WORK TO BE COMPLETED | The goal is a clean copy of all the data below, with pictures dropped and everything else retyped exactly.

GIVEN MATERIAL |
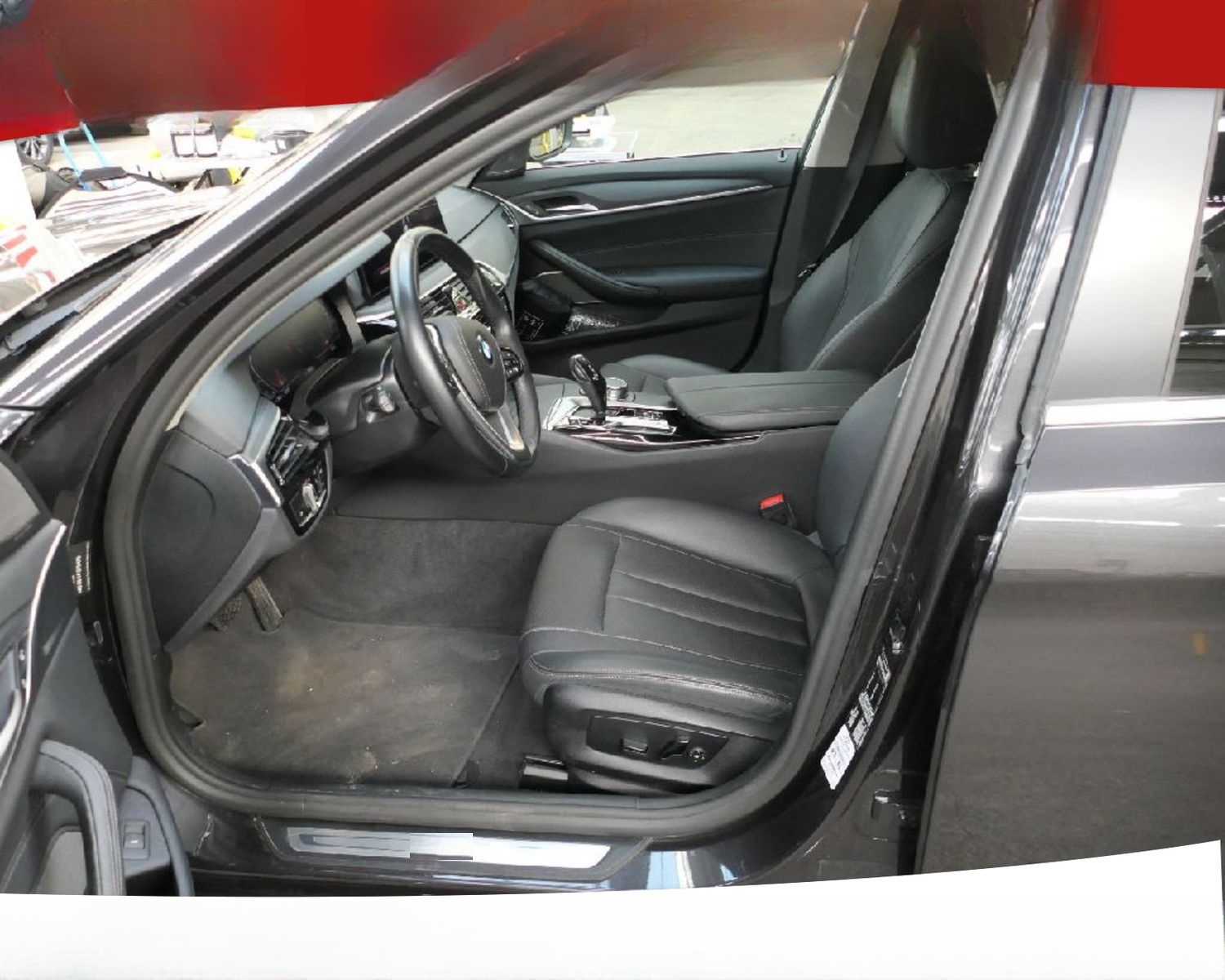 BMW 520i T Aut. LED+/ACC/DDC/SHZ/H&K/VIRTU/8Fa foto 7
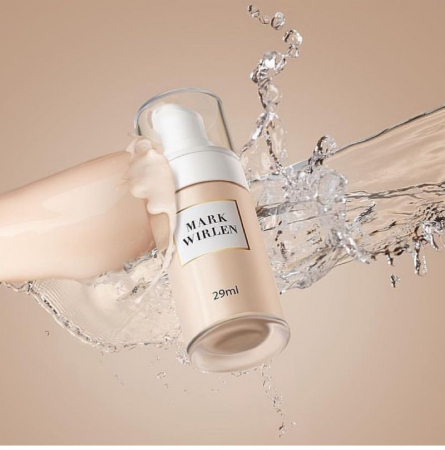 Hydra Glow Primer Mark Wirlen [1]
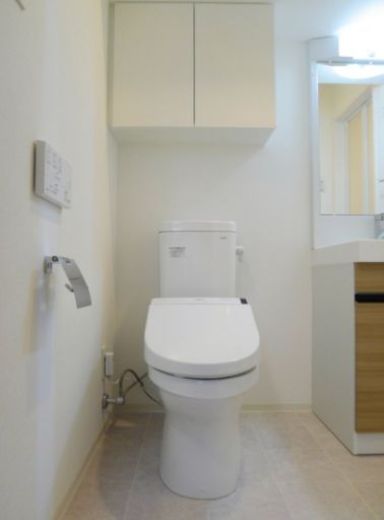 ドゥーエ千駄木 物件写真 建物写真17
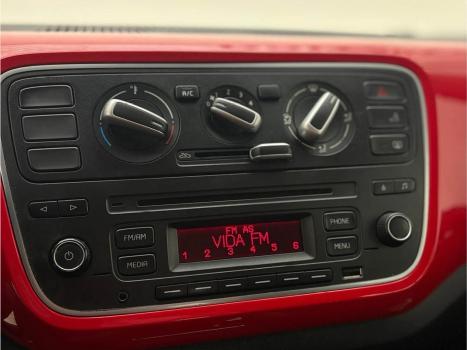 VOLKSWAGEN Cross UP , Foto 8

OUTPUT OF THE EXERCISE |
 BMW 520i T Aut. LED+/ACC/DDC/SHZ/H&K/VIRTU/8Fa foto 7
 Hydra Glow Primer Mark Wirlen [1]
 ドゥーエ千駄木 物件写真 建物写真17
 VOLKSWAGEN Cross UP , Foto 8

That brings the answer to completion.